Per quanto a lungo io abbia cercato, non ho mai trovato una completa ed esauriente definizione: non ce n'è sull'Internet, non se ne trovano sugli opuscoli, né sui libri. Anche perché tutti - dopo una brevissima descrizione (spesso sommaria) si lanciano su interpretazioni soggettive e seguono i percorsi erratici della fantasia o quelli strumentali dell'Identità.

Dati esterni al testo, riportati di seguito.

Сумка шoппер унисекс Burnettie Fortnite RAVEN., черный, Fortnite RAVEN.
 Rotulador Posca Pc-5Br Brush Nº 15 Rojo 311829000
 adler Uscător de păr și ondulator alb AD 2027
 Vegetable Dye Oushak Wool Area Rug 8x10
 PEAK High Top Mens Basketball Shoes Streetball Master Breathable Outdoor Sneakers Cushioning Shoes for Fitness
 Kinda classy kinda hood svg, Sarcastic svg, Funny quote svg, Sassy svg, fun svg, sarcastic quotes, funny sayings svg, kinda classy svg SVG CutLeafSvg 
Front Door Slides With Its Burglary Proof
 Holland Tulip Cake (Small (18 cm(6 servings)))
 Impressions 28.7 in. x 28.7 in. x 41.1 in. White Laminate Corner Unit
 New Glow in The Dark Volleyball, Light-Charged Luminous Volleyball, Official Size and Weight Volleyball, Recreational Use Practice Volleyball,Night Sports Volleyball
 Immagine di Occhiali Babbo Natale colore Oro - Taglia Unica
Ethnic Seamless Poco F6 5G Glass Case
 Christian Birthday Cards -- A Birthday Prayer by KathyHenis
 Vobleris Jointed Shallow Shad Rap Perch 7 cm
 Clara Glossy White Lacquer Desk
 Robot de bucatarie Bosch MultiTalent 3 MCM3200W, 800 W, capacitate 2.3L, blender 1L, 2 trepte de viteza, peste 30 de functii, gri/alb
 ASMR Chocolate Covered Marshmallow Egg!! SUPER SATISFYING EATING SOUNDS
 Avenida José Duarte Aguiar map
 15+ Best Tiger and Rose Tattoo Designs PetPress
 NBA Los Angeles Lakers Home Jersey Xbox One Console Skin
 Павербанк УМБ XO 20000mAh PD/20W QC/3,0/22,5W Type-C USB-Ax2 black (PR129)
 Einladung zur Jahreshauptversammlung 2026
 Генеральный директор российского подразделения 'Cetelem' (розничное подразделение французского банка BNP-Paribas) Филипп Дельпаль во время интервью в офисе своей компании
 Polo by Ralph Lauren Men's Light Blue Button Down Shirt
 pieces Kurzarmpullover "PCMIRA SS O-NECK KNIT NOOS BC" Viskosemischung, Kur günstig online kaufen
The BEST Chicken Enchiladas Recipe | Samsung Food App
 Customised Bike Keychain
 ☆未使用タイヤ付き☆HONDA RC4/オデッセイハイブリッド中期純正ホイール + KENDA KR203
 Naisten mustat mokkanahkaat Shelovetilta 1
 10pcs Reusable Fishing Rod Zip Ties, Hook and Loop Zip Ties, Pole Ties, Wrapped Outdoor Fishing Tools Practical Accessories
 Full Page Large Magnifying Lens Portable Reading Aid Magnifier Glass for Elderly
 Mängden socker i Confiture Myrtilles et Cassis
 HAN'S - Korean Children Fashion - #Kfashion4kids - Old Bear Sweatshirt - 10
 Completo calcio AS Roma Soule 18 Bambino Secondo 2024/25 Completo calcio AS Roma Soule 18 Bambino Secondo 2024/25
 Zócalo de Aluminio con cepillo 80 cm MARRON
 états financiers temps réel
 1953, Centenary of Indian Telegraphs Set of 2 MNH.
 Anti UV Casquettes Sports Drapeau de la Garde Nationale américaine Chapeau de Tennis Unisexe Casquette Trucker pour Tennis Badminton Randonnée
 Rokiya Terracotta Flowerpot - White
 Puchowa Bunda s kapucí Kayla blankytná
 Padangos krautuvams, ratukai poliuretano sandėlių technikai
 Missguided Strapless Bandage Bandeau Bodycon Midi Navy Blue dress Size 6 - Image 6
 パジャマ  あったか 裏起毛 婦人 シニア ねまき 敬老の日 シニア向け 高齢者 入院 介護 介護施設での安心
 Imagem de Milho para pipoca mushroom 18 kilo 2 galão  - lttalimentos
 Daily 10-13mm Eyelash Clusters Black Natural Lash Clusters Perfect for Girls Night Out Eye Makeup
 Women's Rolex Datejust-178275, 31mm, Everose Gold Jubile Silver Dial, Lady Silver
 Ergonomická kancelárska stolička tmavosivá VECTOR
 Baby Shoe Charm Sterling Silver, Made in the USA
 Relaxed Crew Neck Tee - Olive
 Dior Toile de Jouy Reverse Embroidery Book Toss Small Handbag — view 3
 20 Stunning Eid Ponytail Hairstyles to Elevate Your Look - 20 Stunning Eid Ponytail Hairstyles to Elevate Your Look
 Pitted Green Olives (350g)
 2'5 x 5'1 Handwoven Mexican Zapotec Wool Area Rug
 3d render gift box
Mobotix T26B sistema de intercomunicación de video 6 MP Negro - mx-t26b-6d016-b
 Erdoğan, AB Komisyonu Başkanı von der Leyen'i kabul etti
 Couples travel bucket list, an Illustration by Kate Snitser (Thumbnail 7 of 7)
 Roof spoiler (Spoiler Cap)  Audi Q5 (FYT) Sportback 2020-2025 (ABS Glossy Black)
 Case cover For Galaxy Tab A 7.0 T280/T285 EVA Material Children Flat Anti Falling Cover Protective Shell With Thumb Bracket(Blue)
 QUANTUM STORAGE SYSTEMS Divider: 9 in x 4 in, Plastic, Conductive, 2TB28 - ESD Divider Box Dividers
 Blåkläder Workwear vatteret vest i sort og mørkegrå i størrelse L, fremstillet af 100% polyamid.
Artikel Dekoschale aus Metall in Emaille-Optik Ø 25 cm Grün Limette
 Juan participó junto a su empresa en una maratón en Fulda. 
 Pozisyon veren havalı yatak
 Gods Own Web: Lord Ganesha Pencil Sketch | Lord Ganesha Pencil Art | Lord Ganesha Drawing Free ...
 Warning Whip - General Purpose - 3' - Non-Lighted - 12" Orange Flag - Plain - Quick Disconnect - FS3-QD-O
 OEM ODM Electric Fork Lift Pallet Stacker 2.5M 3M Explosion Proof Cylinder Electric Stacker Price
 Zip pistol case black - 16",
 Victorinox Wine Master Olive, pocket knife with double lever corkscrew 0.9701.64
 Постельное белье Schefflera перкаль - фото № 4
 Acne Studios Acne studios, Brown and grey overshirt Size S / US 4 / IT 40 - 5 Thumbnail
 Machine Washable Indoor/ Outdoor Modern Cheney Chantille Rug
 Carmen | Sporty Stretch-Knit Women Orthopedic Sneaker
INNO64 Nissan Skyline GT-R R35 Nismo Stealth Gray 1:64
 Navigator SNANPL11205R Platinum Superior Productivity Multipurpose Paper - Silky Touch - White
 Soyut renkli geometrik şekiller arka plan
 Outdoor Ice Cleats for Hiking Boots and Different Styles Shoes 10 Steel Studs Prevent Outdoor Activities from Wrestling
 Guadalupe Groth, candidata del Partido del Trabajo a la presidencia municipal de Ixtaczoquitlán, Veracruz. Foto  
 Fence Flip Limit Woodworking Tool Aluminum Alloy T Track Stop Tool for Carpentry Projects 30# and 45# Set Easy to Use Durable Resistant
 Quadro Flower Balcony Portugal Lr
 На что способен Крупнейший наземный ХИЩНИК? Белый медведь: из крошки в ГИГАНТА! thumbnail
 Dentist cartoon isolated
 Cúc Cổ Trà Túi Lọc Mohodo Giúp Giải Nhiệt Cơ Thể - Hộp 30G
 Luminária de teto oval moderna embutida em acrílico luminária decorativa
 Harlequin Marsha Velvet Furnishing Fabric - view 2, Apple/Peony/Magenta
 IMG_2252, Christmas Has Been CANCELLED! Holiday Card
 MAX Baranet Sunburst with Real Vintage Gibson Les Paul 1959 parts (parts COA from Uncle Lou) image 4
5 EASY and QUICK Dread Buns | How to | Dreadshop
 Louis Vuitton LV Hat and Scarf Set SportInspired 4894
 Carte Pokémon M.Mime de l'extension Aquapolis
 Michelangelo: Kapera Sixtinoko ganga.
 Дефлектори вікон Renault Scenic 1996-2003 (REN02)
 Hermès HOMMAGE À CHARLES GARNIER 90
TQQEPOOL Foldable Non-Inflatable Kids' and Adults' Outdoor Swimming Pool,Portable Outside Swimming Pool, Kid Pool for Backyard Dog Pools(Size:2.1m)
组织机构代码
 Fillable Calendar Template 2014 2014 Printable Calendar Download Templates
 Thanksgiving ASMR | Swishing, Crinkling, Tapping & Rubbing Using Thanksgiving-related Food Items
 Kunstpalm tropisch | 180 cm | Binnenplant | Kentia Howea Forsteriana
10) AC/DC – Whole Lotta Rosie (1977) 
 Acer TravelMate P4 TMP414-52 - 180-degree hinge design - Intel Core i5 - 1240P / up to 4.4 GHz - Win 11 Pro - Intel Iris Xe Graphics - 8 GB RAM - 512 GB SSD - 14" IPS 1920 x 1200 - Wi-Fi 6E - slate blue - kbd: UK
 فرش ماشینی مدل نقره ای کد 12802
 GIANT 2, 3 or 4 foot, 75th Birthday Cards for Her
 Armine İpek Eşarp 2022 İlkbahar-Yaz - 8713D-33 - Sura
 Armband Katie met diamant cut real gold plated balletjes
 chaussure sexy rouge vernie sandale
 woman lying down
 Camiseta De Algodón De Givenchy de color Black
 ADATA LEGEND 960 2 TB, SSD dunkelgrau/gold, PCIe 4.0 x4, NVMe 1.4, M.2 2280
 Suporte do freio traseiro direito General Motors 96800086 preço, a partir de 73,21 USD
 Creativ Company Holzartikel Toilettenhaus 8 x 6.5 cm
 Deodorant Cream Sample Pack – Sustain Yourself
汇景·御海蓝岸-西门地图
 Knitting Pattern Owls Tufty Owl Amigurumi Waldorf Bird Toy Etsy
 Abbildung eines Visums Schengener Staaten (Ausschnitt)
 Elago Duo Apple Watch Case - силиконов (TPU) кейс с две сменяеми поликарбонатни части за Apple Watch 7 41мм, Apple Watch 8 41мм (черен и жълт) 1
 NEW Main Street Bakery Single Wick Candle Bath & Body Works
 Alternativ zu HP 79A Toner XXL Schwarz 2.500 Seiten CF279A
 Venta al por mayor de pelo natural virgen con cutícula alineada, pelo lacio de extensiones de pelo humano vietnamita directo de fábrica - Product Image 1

E allora ne ho stilata una io.
Definizione di
Nuraghe.
Il Nuraghe è una monumentale costruzione preistorica sarda,
di dimensioni e forme variabili, edificata senza leganti, con pietre di varie
dimensioni (talvolta enormi) e variamente lavorate (a volte di taglio naturale,
altre volte regolari), più frequentemente a forma di tronco di cono e bene
evidente nel paesaggio ancora oggi, malgrado i crolli parziali cui tutti i
nuraghi sono stati soggetti. Si tratta di una costruzione distintiva (seppur
non esattamente unica) della Sardegna, caratterizzata, nel suo schema più
semplice da due elementi: una torre ed scala elicoidale che conduce al piano
superiore.
Esistono due forme differenti e predominanti:
(1)
La maggior parte dei nuraghi restanti presenta uno sviluppo
verticale, con forma a Torre Singola e pareti inclinate che le conferiscono la
caratteristica forma a tronco di cono, base circolare, spesso muro senza
leganti ('a secco'), costruito con tecnica detta “a sacco”(*), una camera centrale circolare,
voltata ad ogiva (“tholos”) [Nuraghe a Tholos] e che presentano una scala per
accedere al piano superiore. Del medesimo tipo esistono varianti con più stanze
a “tholos” sovrapposte in una singola torre a due, o anche tre piani. Alcuni
esempi, infine sono a più torri variamente collegate a formare un’unica mastodontica
costruzione (Nuraghi Complessi, o Polilobati, in genere edificati in più
tempi). Questo gruppo presenta caratteristiche generali piuttosto uniformi –
pur nella vasta gamma di variazioni – e discrete difficoltà costruttive.
(2)
Una piccola percentuale (circa il 10%) è invece costituita da
Nuraghi a Corridoio [o a bastione], che rispondono a canoni edilizi meno
uniformi e rigidi (pianta ellissoidale, interni di varia forma, estensione e
sviluppo, copertura a trilite oppure navicolare), presentando minore sviluppo
verticale, in genere meno appariscenti dei primi, pur raggiungendo anch’essi in
taluni casi proporzioni enormi. Per la loro forma, apparentemente più
“primitiva” erano precedentemente definiti “protonuraghi” o addirittura
“pseudonuraghi”.
(*) Nella "tecnica a sacco" coesistono
sostanzialmente tre elementi costitutivi, distinti e riconoscibili, nella
costruzione:
a) Un "paramento murario" esterno (rivolto verso
i possibili “nemici”), costituito da blocchi di notevoli dimensioni, di taglio
naturale, reciprocamente disposti ad incastro reciproco in modo vantaggioso per
la robustezza e la statica (richiede ottima percezione tridimensionale dello
spazio, da parte dei costruttori!).
b) Un muro interno (rivolto verso la parte “amica”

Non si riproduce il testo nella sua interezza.